Not only Service Providers but more and more enterprise organizations experiencing attacks to their PBX and Unified Communications network.

The ‘classic’ TDoS attack
Criminals use low-cost VoIP tools to mount a massive telephone calling campaign, simultaneously bombarding an organization’s phone and IVR systems with electronically generated calls. These brute force attacks cripple the organization’s voice services and stop the organization from conducting business. These calls also serve to circumvent traditional security or fraud measures during the attack.
Low-level attacks can be mounted by individuals all calling the same number simultaneously, but they aren’t as effective as software-generated VoIP attacks.

What are the reasons behind these kind of hacks/attacks?
Political and social terrorism (terrorist groups or social activists) disrupt business and cause financial harm by launching a TDoS attack. Anecdotal reports indicate some competitors will use TDoS attacks against other call centers.
Fraud is another important motivator. Attackers simultaneously flood a call center or customer service staff with bogus calls. They then launch social engineering attacks against contact center agents. Fraudsters have been able to take advantage of the chaos to steal corporate or customer account information that they will later use to defraud the organization or the customer.

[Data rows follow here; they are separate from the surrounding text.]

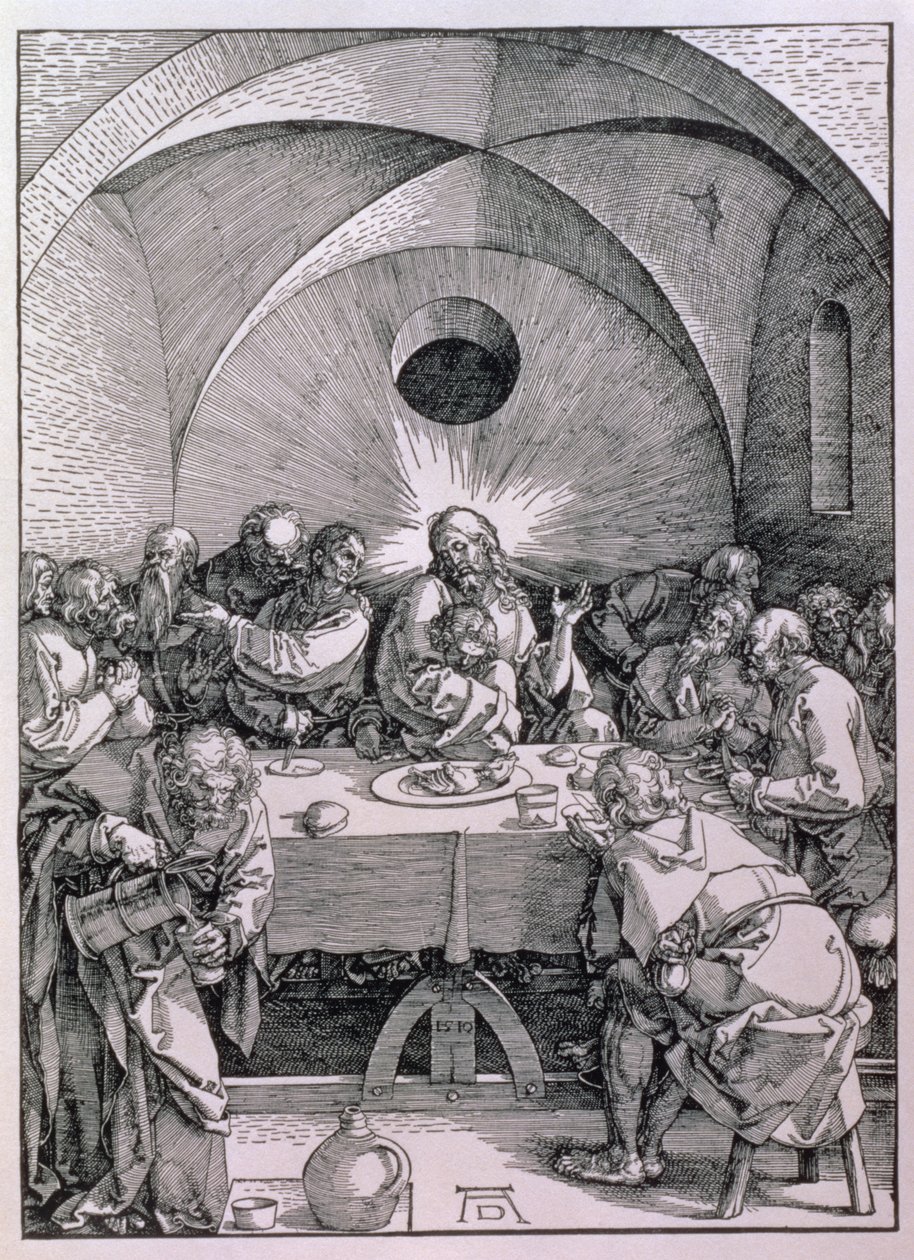Viimeinen ehtoollinen "Suuri intohimo" -sarjasta, pubi. 1511 (puupiirros) tekijältä Albrecht Dürer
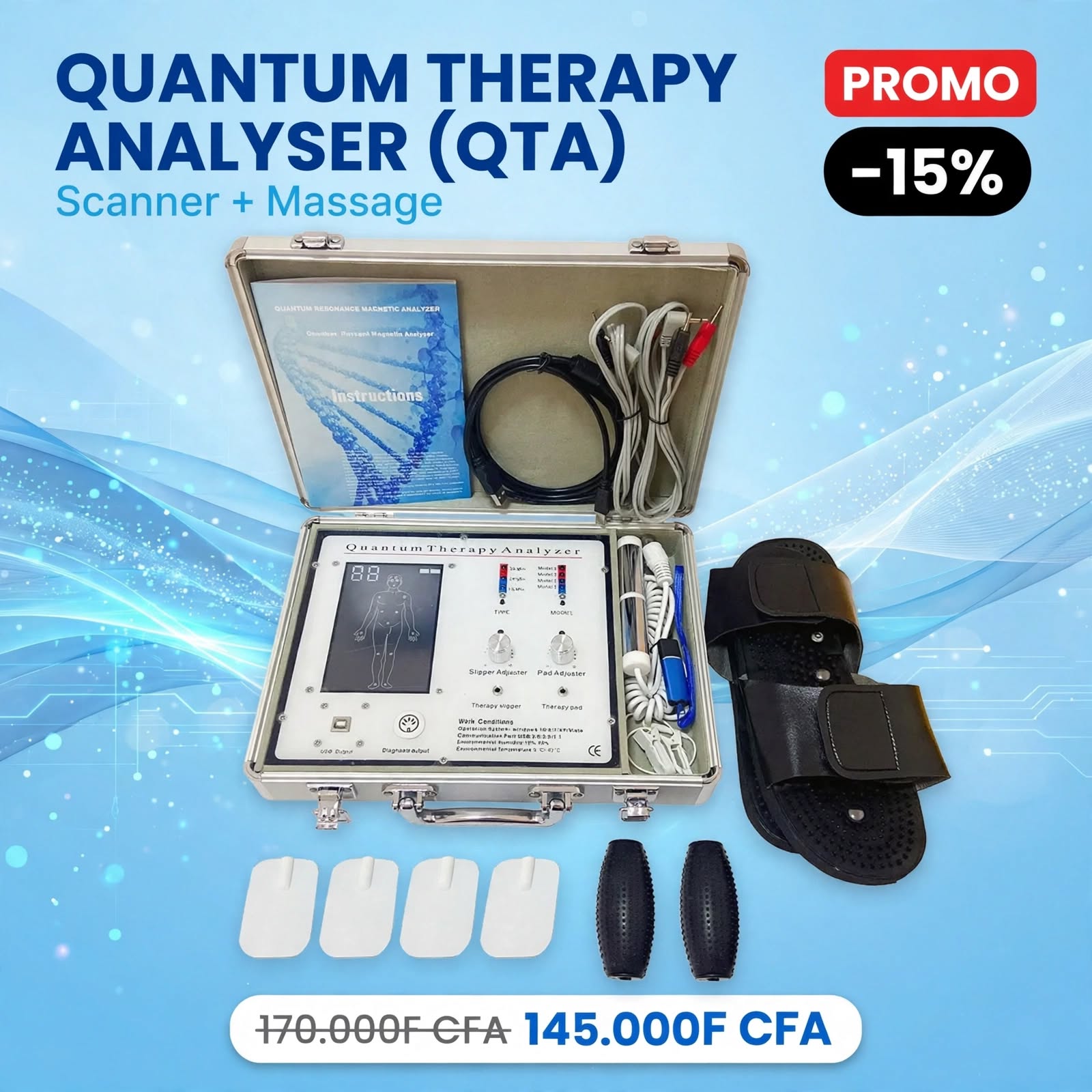 Machine Quantum Therapy Analyzer avec fonction de massage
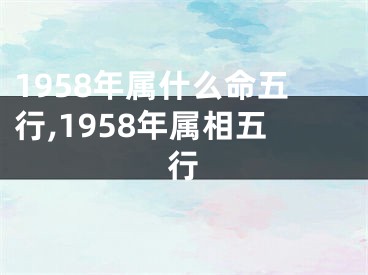 1958年属什么命五行,1958年属相五行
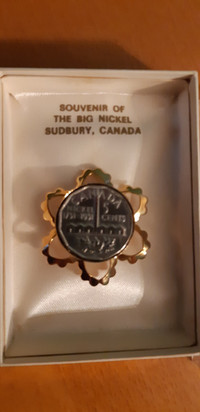 Vintage NIB Pin "SOUVENIR OF THE BIG NICKEL SUDBURY, CANADA"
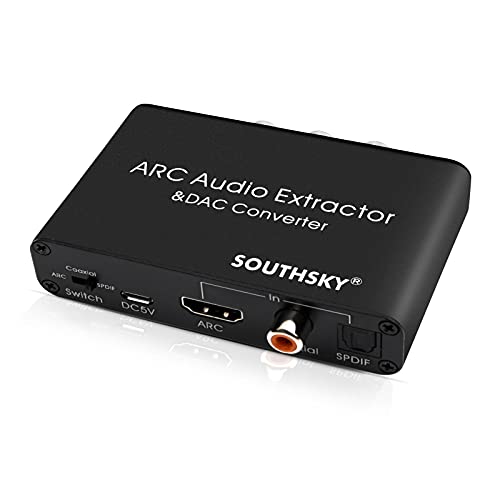 SOUTHSKY 192KHz DAC,Convertitore Audio Digitale a Analogico, L/R, Estrattore Audio HDMI ARC a SPDIF, Coassiale, 3,5 mm Stereo, L/R, Volume CEC Regolabile,Switch Ottico,Toslink,RCA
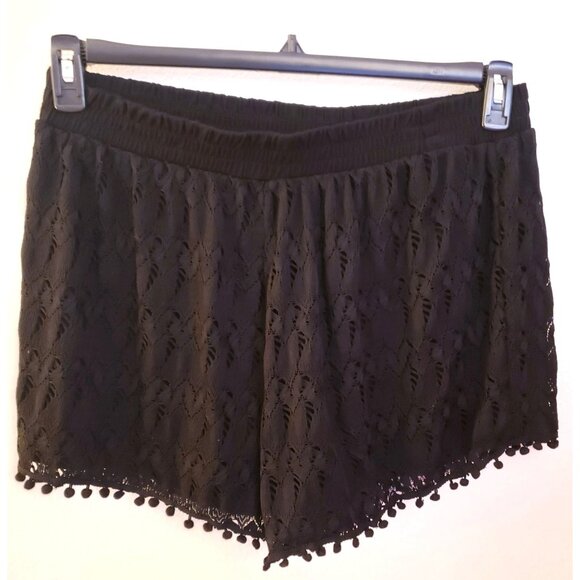 Poof Cotton Blend Lace Fully Lined Shorts with Pompom Hem Jr Plus Size 3X EUC - Picture 1 of 8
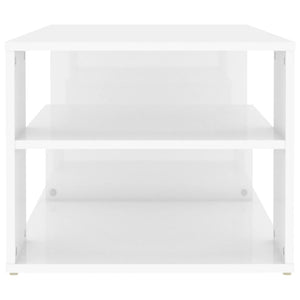 Tavolino da CaffÃ¨ Bianco Lucido 100x50x40 cm in Truciolato cod mxl 13112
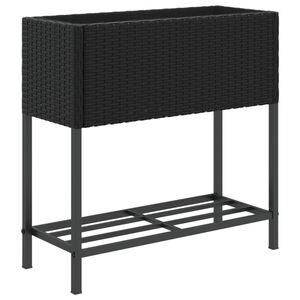 vidaXL fekete polyrattan kerti &uuml;ltetől&aacute;da polccal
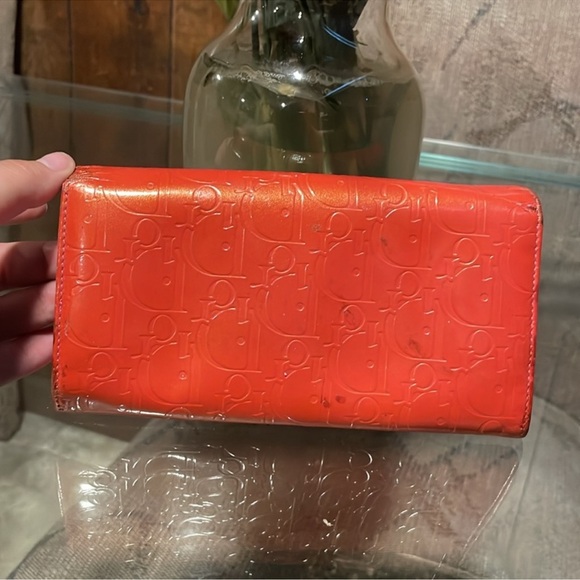 Christian Dior trotter leather bicolor pink orange wallet - Picture 7 of 10
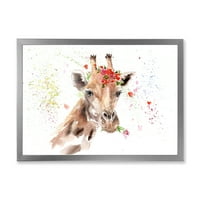 Dizajnerska umjetnost portret žirafe s crvenim cvjetovima uokvirena umjetnička gravura za seosku kuću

Can an organization prepare themselves against TDoS attacks?
The most important part of preparation is to ensure that, during an attack, all unwanted traffic is diverted, while true customers are allowed to connect without interruption.

Unfortunately there is no particular pattern as criminals continue to develop new and innovative tactics every day. In general, these attacks are recognized due to the massive increase in call volume and the virtual shut-down of the telephony systems, blocking all or most legitimate inbound and outbound calling.
In addition, VoIP calls, which can be identified, will soar in volume. Spoofed ANI numbers may be detected and other patterns will be recognized. Attacks may also be more likely during presumed call center or IVR maintenance periods, or may emanate from foreign countries in unusual volumes.

What is the ‘future’ of TDoS?
As with the massive Dyn distributed DoS attack via Internet of Things devices this month, TDoS attacks will continue to grow both in the number of occurrences as well as in severity. Anyone or any organization that uses telephones is a potential victim.

So don’t wait, take action and prepare yourself before your organization is the next victim!